Exercise instructions. Repeat all the lines below exactly, but omit the pictures.

Available data.
BEGIN

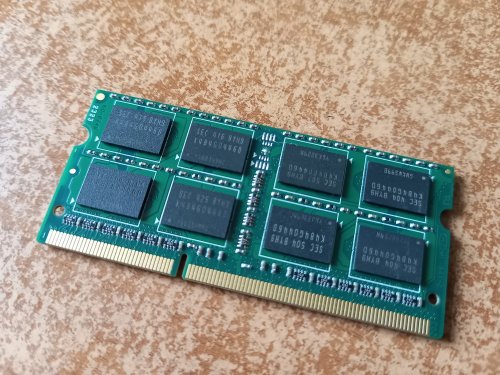 Фото Пам'ять для ноутбуків DATO 8 GB SO-DIMM DDR3 1600 MHz (DT8G3DSDLD16) від користувача Taras Rudenko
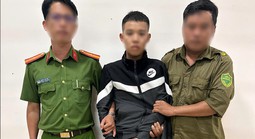 Tạm giữ kẻ tấn công cha ruột, gây thương tích cán bộ công an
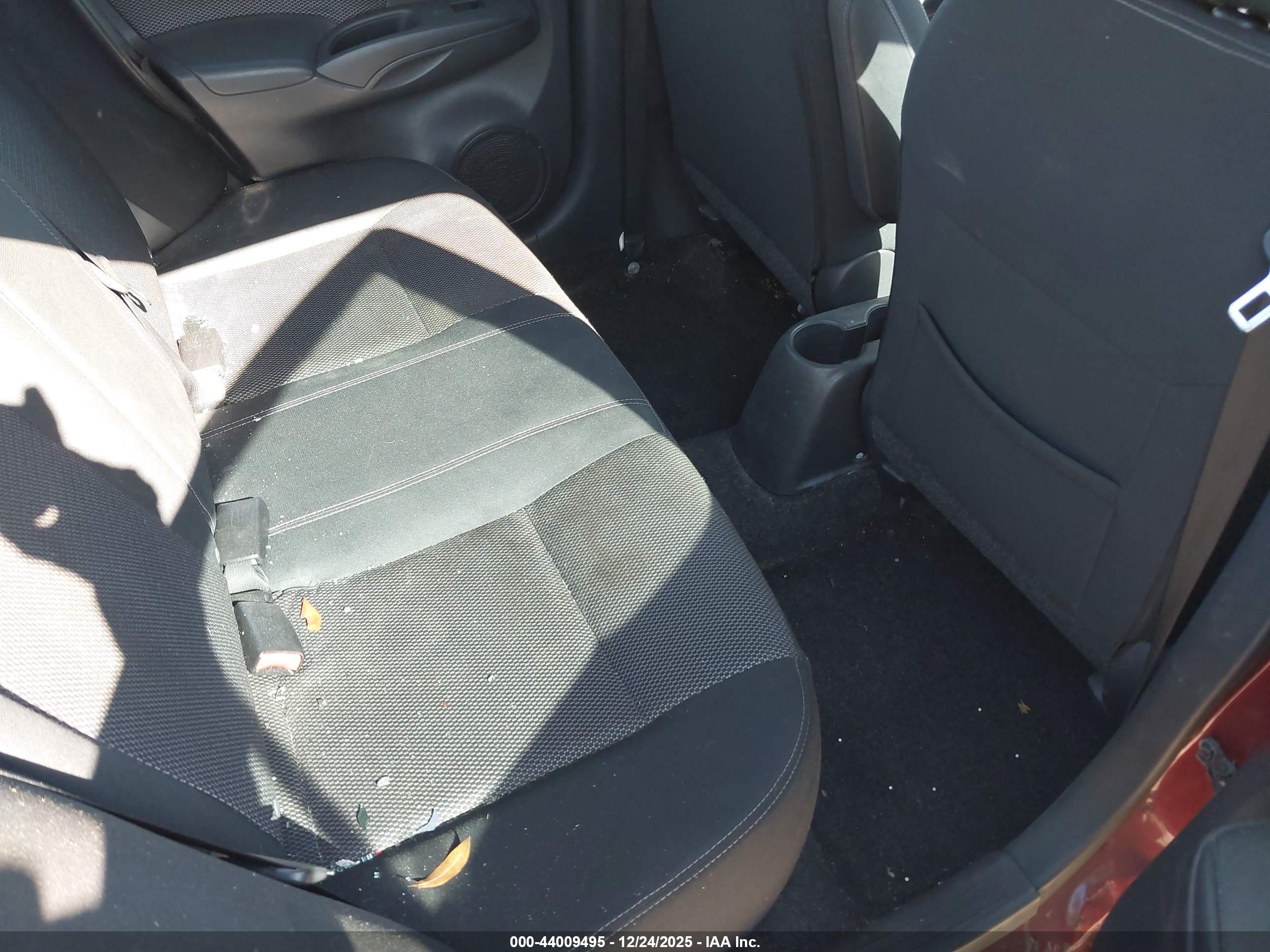 NISSAN VERSA image 8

END

Answer area.
 Фото Пам'ять для ноутбуків DATO 8 GB SO-DIMM DDR3 1600 MHz (DT8G3DSDLD16) від користувача Taras Rudenko
 Tạm giữ kẻ tấn công cha ruột, gây thương tích cán bộ công an
 NISSAN VERSA image 8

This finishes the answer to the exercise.